Philip Roth, L’écrivain des ombres

« Le matin où le journal était apparu aux éventaires, j’avais bien dû lire cinquante fois les paragraphes consacrés à « N. Zuckerman ». Je m’étais efforcé de m’atteler à ma machine pour les six heures de travail que je m’imposais, mais sans résultat ; je reprenais la revue et contemplais ma photo toutes les cinq minutes. Je ne sais pas trop quelles révélations j’attendais de cet article – l’orientation de mon avenir, sans doute, les titres de mes dix premiers livres – mais je me souviens que cette photographie d’un jeune écrivain pénétré et sérieux jouant si doucement avec un petit chat et vivant, était-il précisé, dans un vieil immeuble sans ascenseur de quatre étages au Village avec une jeune ballerine, risquait d’inspirer à un certain nombre de femmes grisantes l’envie de prendre la place de celle-ci. »

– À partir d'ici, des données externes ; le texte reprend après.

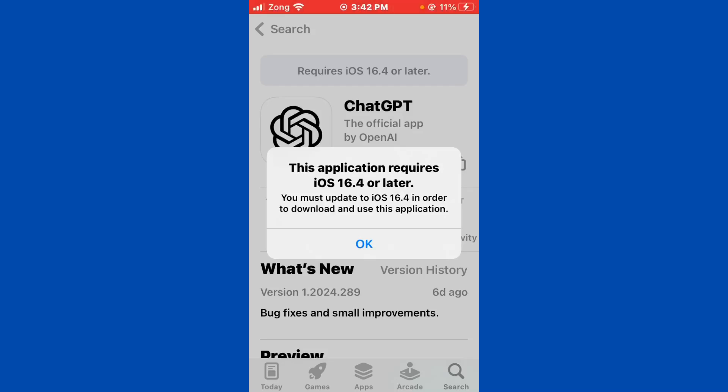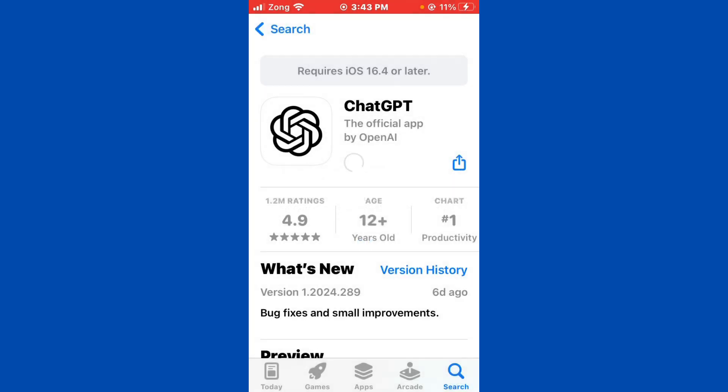Hello everybody and welcome back to our YouTube channel with another informative video. Today we will show you what to do if the App Store is giving the error message 'this application requires iOS 16.4 or later'. If you are trying to download any app and facing this type of interface, don't worry, we have got a solution for you to fix this common App Store issue.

Je trouve cet extrait tellement parlant que je me demande pourquoi vous en dire plus. Il s’agit d’un jeune auteur, Nathan Zuckerman, commençant tout juste à être connu, qui est convié à rendre visite au maître E.I. Lonoff, auteur prestigieux vivant reclus avec son épouse dans les collines du Massachusetts. Amy Bellette, une jeune élève de l’écrivain qui, à ce moment-là, est aussi son archiviste et sa secrétaire, se trouve présente aussi. L’histoire se déroule sur une soirée et une nuit, riches en affrontements entre les protagonistes, dont certains que Nathan épie d’une manière tout à fait éhontée. Le jeune auteur y découvre bien des aspects de son hôte ainsi que de son épouse et de la jeune archiviste, ce qui donne lieu à une histoire dans l’histoire, et il réfléchit également sur ses propres tourments, sa relation avec son père en particulier.
Je connais peu le Philip Roth des premiers romans, et je rencontre même pour la première fois Nathan Zuckerman, jeune écrivain et double de l’auteur. J’ai mis un petit temps pour m’adapter aux longues phrases, et j’imagine très bien qu’à l’époque déjà, Philip Roth ne se souciait pas d’accorder au lecteur des facilités à entrer dans le texte. Une fois bien installé dedans, c’est un roman qui surprend autant qu’il se savoure : des phrases longues, oui, mais pas un mot de trop !
Les lecteurs sont très certainement plus à même d’apprécier L’écrivain des ombres en connaissant déjà l’auteur, puisque s’y trouvent des thèmes qu’il reprendra et développera ensuite comme l’imposture, la sexualité ou la judéité, et déjà une forme de dérision très réjouissante. Une forte personnalité est présente dans le ton comme dans la forme, et c’est encore et toujours un grand plaisir de lecture que je compte bien poursuivre avec Zuckerman enchaîné.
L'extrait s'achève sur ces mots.